О том, что он, как внук еврея, имеет право на репатриацию, Антон Сергеевич знал давно. Его просветил сокурсник, который иммигрировал в Израиль ещё до развала СССР. Как-то в телефонном разговоре он расписывал прелести заграничной жизни и призывал оставить формальную родину ради родины исторической. Тогда Антон Сергеевич резко осадил его и полушутя, но категорично потребовал прекратить сионистскую пропаганду.
Позже, в девяностых, из любопытства он однажды сходил в еврейское агентство.
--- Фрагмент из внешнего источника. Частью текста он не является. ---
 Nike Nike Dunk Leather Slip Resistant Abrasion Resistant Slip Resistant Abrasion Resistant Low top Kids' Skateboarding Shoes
На тот момент в Израиле шла очередная война, и ему отсоветовали ехать в эту страну, да он и не собирался…
Прямо в аэропорту «Бен Гурион» чиновник Министерства внутренних дел – неторопливый добродушный человек с чёрной ассирийской бородой и вьющимися пейсами – выдал Антону Сергеевичу теудат зеут, то есть паспорт. Перед этим, заполняя данные, он спросил на чисто русском языке:
– Какое имя выберите?
– В каком смысле? – удивился Антон Сергеевич.
– Получая израильский паспорт, вы можете записать себе любое имя. Вы можете быть, например, Натан или Йонатан, – эту возможность чиновник преподнёс как щедрый дар от государства Израилева.
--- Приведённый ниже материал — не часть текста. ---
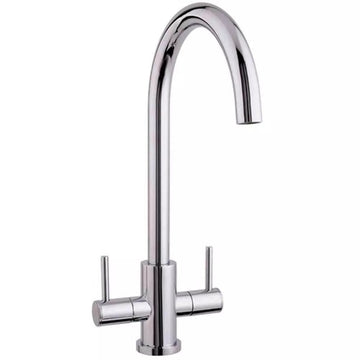 Astracast Shannon Chrome Twin Lever Kitchen Sink Mixer Tap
Было даже как-то неудобно отказываться…
– И Моисей можно?
– Конечно. Прекрасный выбор! Значит, Моисей? – обрадовался чиновник и занёс руку над клавиатурой.
– Да ну что вы, – отмахнулся Антон Сергеевич. – Пишите как есть. Что ж мне на старости лет в Моисеи подаваться…
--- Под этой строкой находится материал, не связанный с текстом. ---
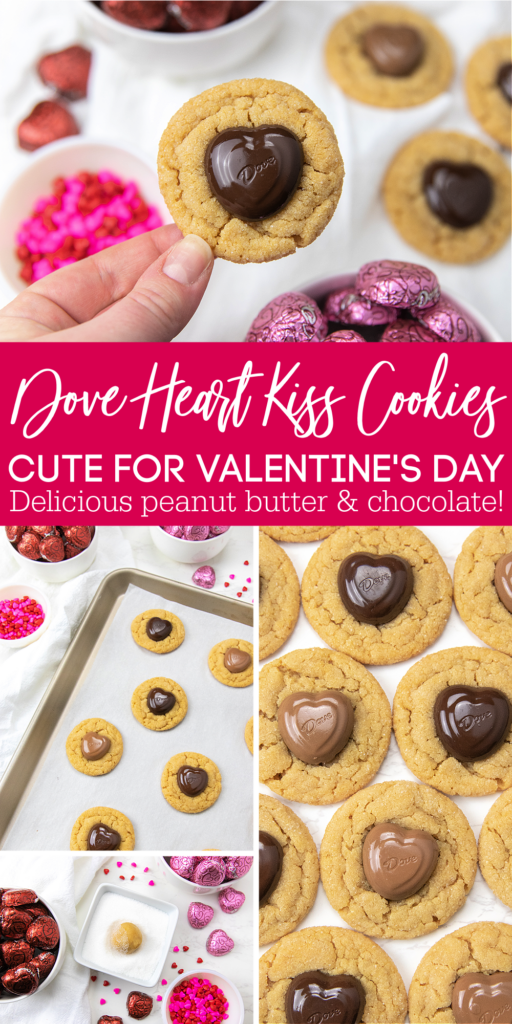 dove heart kiss cookies for valentine's day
Когда с именем было покончено (причём в паспорт вписали не только папу, но и маму), чиновник задал следующий вопрос:
– Какую национальность запишем?
– Ну пишите – еврей. Зря я, что ли, происхождение своё доказывал? – ответил новоиспечённый репатриант устало, он был порядком измотан многочасовым перелётом.
Чиновник не спеша потыкал в кнопки и пожал плечами.
– К сожалению, не могу. У вас дедушка, да ещё по отцу… Мы ставим национальность «иудей» только галахическим евреям, то есть унаследовавшим кровь по материнской линии. Но если хотите, я могу поставить прочерк.
– Как вы сказали? Галактическим?
– Галахическим. То есть по Га́лахе – это традиционное иудейское право, – терпеливо пояснил чиновник.
– Тогда ставьте прочерк, – великодушно разрешил Антон Сергеевич.
Идея с прочерком показалась ему удачной, поскольку кроме дедушки-еврея, другой дедушка у него был наполовину поляк, бабушка по матери – украинка, а по отцу – на четверть башкирка. Так что русской крови в нем было ненамного больше, чем еврейской или украинской, а то и меньше. Так что, если отслеживать национальность по материнской линии, получалось, что Антон Сергеевич – галахический хохол.